“Os capítulos iniciais do romance, e especialmente o segundo, são uma cuidadosa descrição da ideologia senhorial. Morto o conselheiro Vale, personagem de família tradicional e pertencente ‘às primeiras classes da sociedade’, as ações e tensões convergem para as disposições testamentárias do finado. O episódio parece exemplar e concentra o significado social mais decisivo a um determinado ideário de dominação de classe: a vontade do chefe de família, do senhor-proprietário, é inviolável, e é essa vontade que organiza e dá sentido às relações sociais que a cir-
20: cundam. Um dos momentos mais cruciais e ritualísticos desse ideal de dominação/subordinação é o da morte seguida da abertura de testamento; de fato, o que fica expresso em tal contexto é que a vontade senhorial carrega tamanha inércia que continua a governar os vivos postumamente. Por um lado, o testamento é a manifestação máxima de uma vontade senhorial, sendo ao mesmo tempo o encaminhamento da continuidade de uma política de domínio que precisa sobreviver ao ato derradeiro daquela vontade específica.
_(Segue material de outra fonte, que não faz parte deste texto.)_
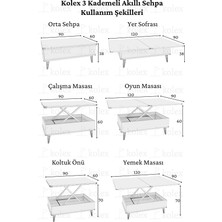 kolexonline Berlin Akıllı Orta Sehpa Akıllı Masa Çekmeceli Çam Renk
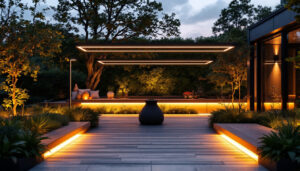 A photograph of a beautifully illuminated outdoor space featuring various linear light fixtures in use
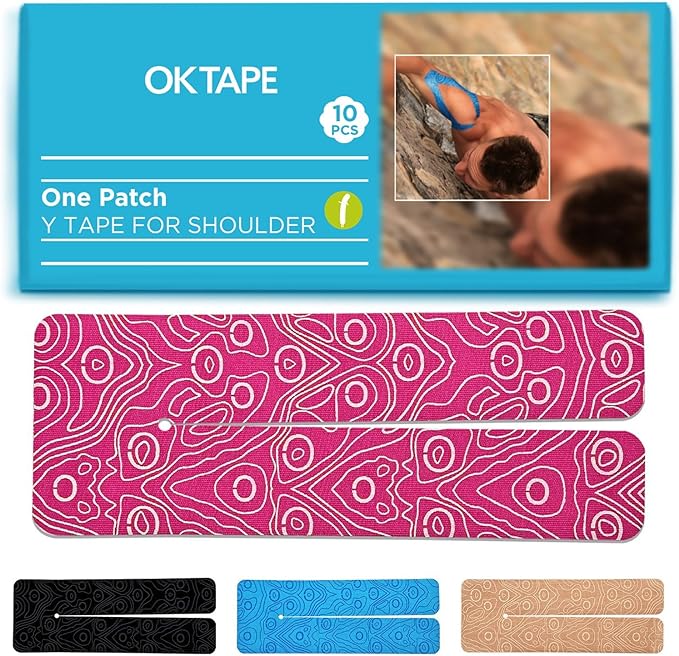 OK TAPE Precut Y-Shape Kinesiology Tape for Shoulder, Knee, Back, 10 Pcs, K Tape Strips, Provide Support & Relieve Discomfort, Water-Resistant Elastic Athletic Tape (3.5" x 10", Pink)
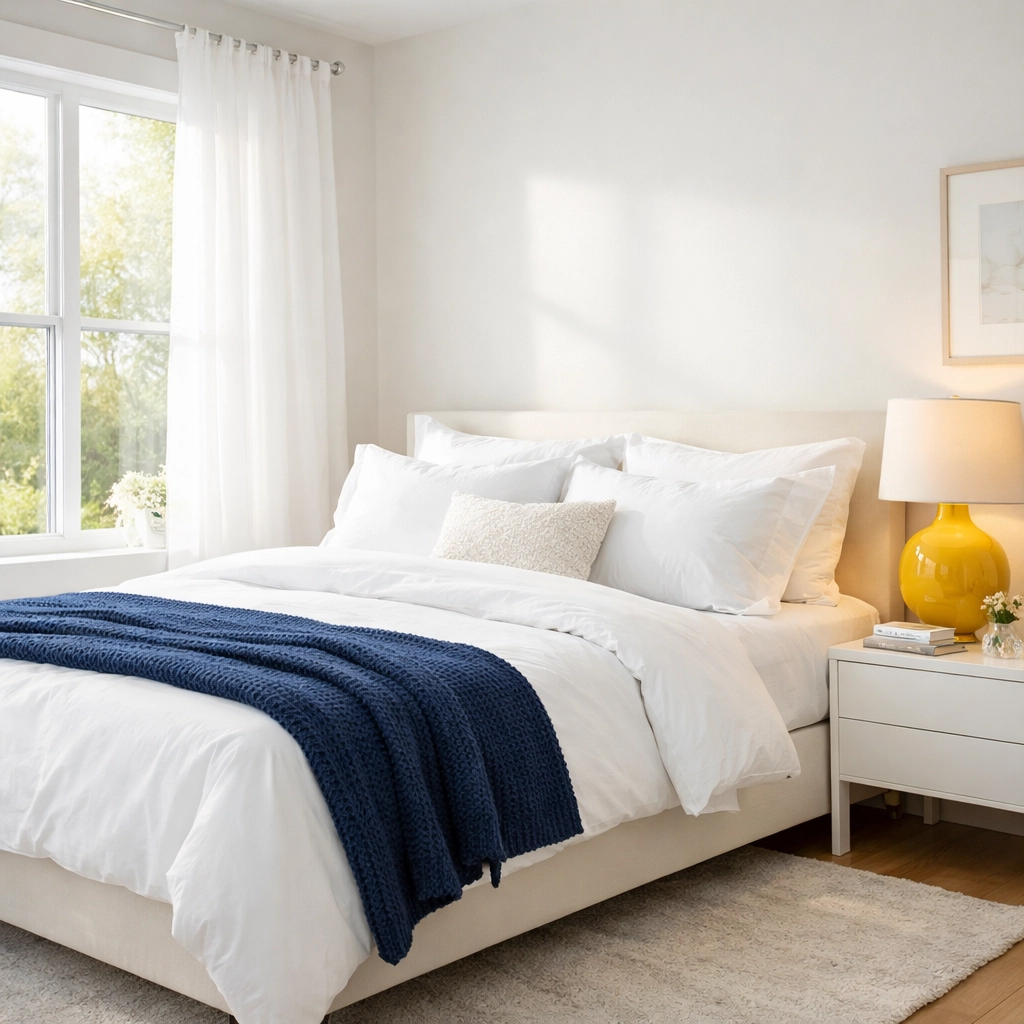 Sanitized master bedroom in Lowell showing the fresh results of a professional house cleaning Lowell MA service.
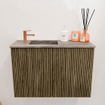 Mondiaz JOYA-DLUX 60cm toiletmeubel - kleur Dusk - Wastafel FAYE positie Links 1 kraangat kleur Oza. SW1425964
Por outro lado, a situação de testamento, e posterior inventário, apresenta sempre um potencial de tensão e conflito: os herdeiros defendem seus interesses, e frequentemente se desentendem, no processo de partilha dos bens; os agregados e dependentes em geral vivem a incerteza da permanência de arranjos passados; e os escravos, via de regra o elo mais frágil, enfrentam o risco de ver suas famílias e comunidades divididas entre os herdeiros ou bruscamente destruídas por transações de compra e venda.”
Sidney Chalhoub. Machado de Assis, historiador. São Paulo: Companhia das Letras, 2003. pp. 19-20.